■ **DATASET EXCERPT**:
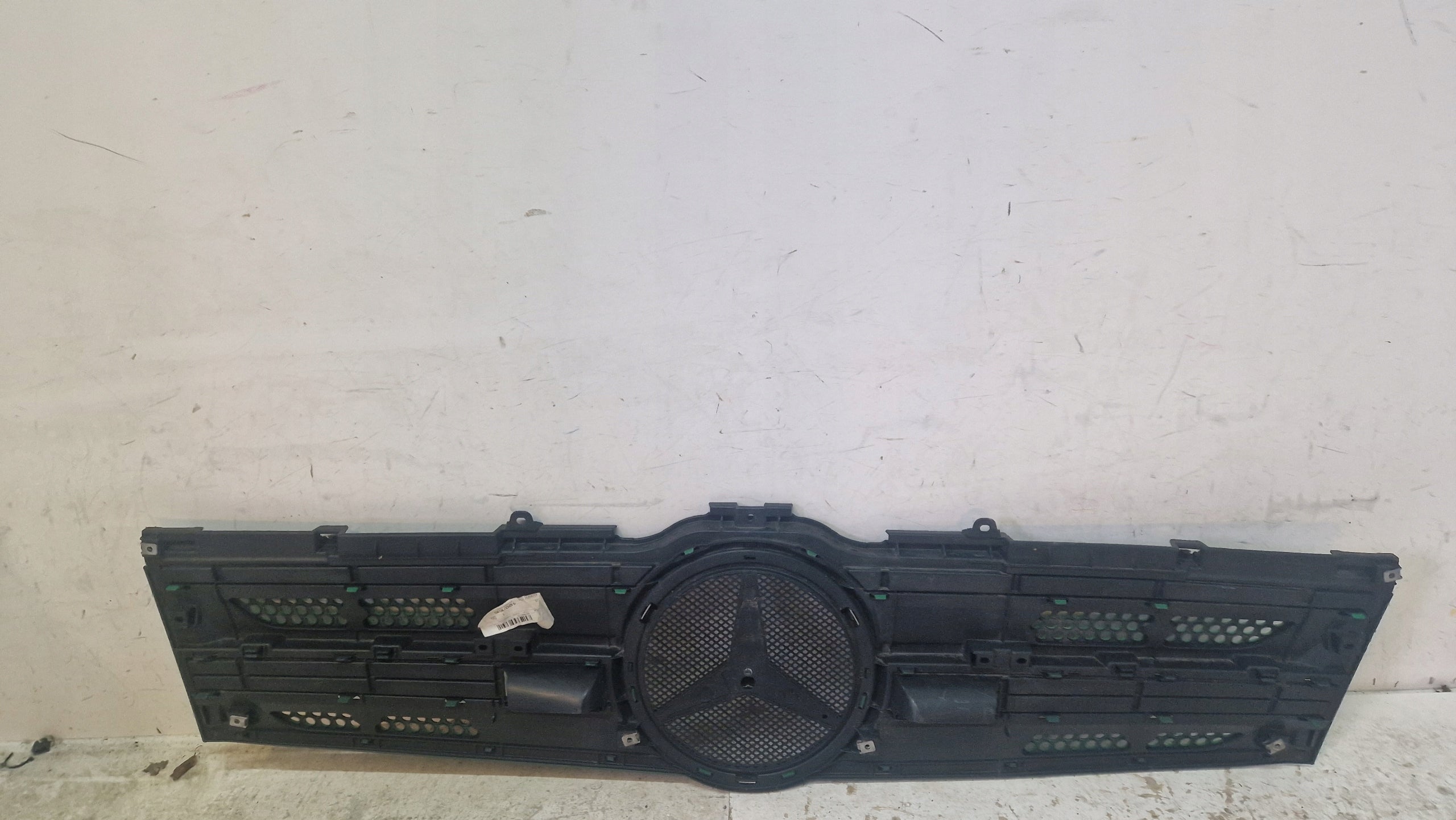 Kühlergrill Mercedes W960 W960 FRONTGRILL A9607500318 Kühlergitter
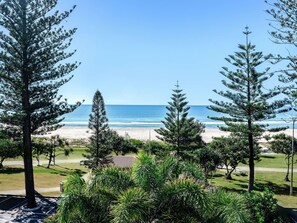 Room, 1 Bedroom (Ocean) | In-room safe, soundproofing, iron/ironing board, cots/infant beds - Mantra Coolangatta Beach (Coolangatta)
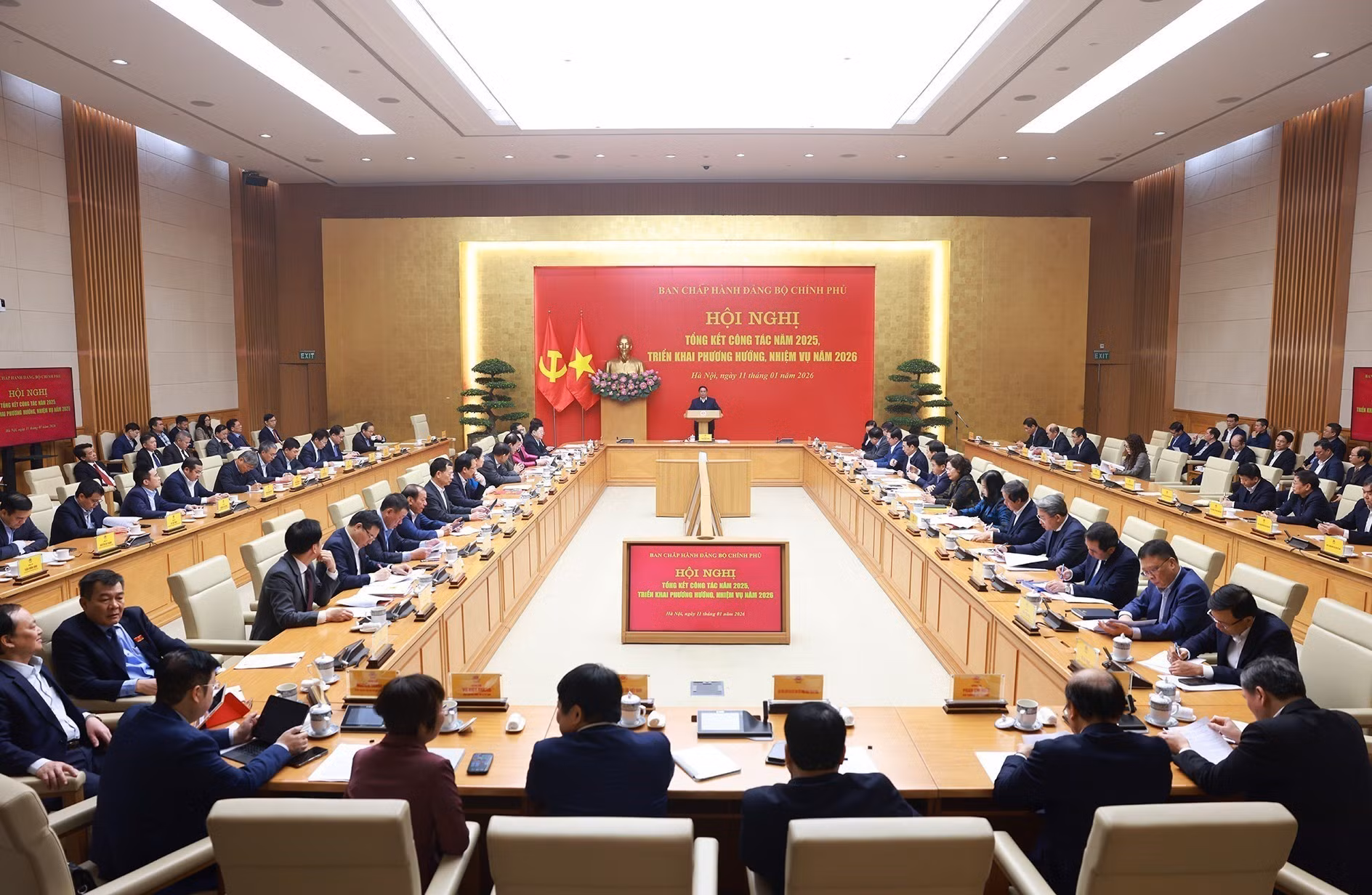vna-potal-thu-tuong-chu-tri-hoi-nghi-trien-khai-nhiem-vu-nam-2026-cua-ban-chap-hanh-dang-bo-chinh-phu-8523413.jpg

■ **WORK TO BE COMPLETED**: Please reproduce the lines exactly from the one containing "Room, 1 Bedroom" through the last line of the data above, and keep the pictures out.

■ **SOLVED PROBLEM**:
 Room, 1 Bedroom (Ocean) | In-room safe, soundproofing, iron/ironing board, cots/infant beds - Mantra Coolangatta Beach (Coolangatta)
vna-potal-thu-tuong-chu-tri-hoi-nghi-trien-khai-nhiem-vu-nam-2026-cua-ban-chap-hanh-dang-bo-chinh-phu-8523413.jpg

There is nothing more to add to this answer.